Refactoring “Beginning Emacs Lisp”: II

Now that we have test coverage and a test runner, we can refactor the begin/end code.

First off, let’s namespace it. Instead of defun begin-end-quote (), let’s make it defun my/begin-end-quote ().

Why? There is another library with a function called begin-end-quote: I’m not using it, but if I were, after namespacing I wouldn’t have to worry about anything breaking because of the name collision.

The coding conventions suggest namespacing packages for widespread use with -, not / (q.v. typopunct-mode ’s typopunct-insert-quotation-mark), but namespacing “less formal” code with / seems a useful distinction. Sacha Chua suggested a further convention for Emacs config files of my/ instead of (say) sean/, since .emacs.d code is so often copied and borrowed and it would make it look more consistent after mixing code from multiple sources.

Run the tests: they still pass. Hurrah.

Almost all of the code between begin-end-verse and begin-end-quote is the same. I made them separate to begin with because I thought they would be more different, but they aren’t. So we can make everything but the outermost function take an argument of “quote” or “verse” and remove the duplication. (This will also let me quickly add variants like #+begin_src emacs-lisp and #+begin_example, which I’ve already needed while writing this blog.)

Again, run the tests, they still pass. Commit with this change.

Further quick points: newline does insert a carriage return, but insert “\n” would do the same thing, and feels more intuitive. Likewise, while previous-line and next-line do what they say, the more usual way would be to run forward-line with a positive or negative integer argument.

There is also duplication between my/begin-end-selected-region and my/begin-end-no-selected-region: they both print the #+begin and #+end tags, and if there’s a selected region it is reformatted, and if there isn’t, after printing the tags it moves the cursor back up between the tags.
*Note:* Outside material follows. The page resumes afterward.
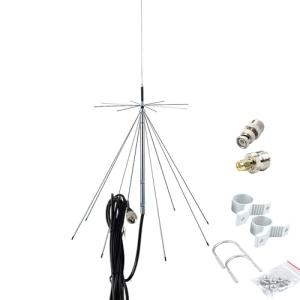 Discone Antennas D3000/ Scanner Antenna/CB UHF VHF Antennas 25-3000MHz for Scanner SDR Radio, Receive Transmit HF VHF UHF MW SW HF AIR FM FRS GMRS Antenna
We can collapse the two methods into a single method with two conditionals.

(defun my/begin-end (variant)
(let ((cited-string "\n"))
(when (use-region-p)
(setq cited-string
(my/remove-old-citation-formatting (buffer-substring-no-properties (region-beginning) (region-end))))
(delete-region (region-beginning) (region-end)))
(insert "#+begin_" variant "\n"
"#+end_" variant "\n"))
(unless (use-region-p)
(forward-line -2)))

The simpler conditional is at lines 11-12: (use-region-p) returns true if there is a region selected, and if there isn’t, it moves the cursor up two lines.

The one in lines 3-10 is more complicated.

In lines 3-7, we’re using a let statement to set cited-string initially to \n, which is what it should be if there’s no selection, and then we’re checking to see if there is a selected region: if there is, we’re resetting cited-string to the value of the selected region with the old formatting code stripped out, and then we’re deleting the selected region.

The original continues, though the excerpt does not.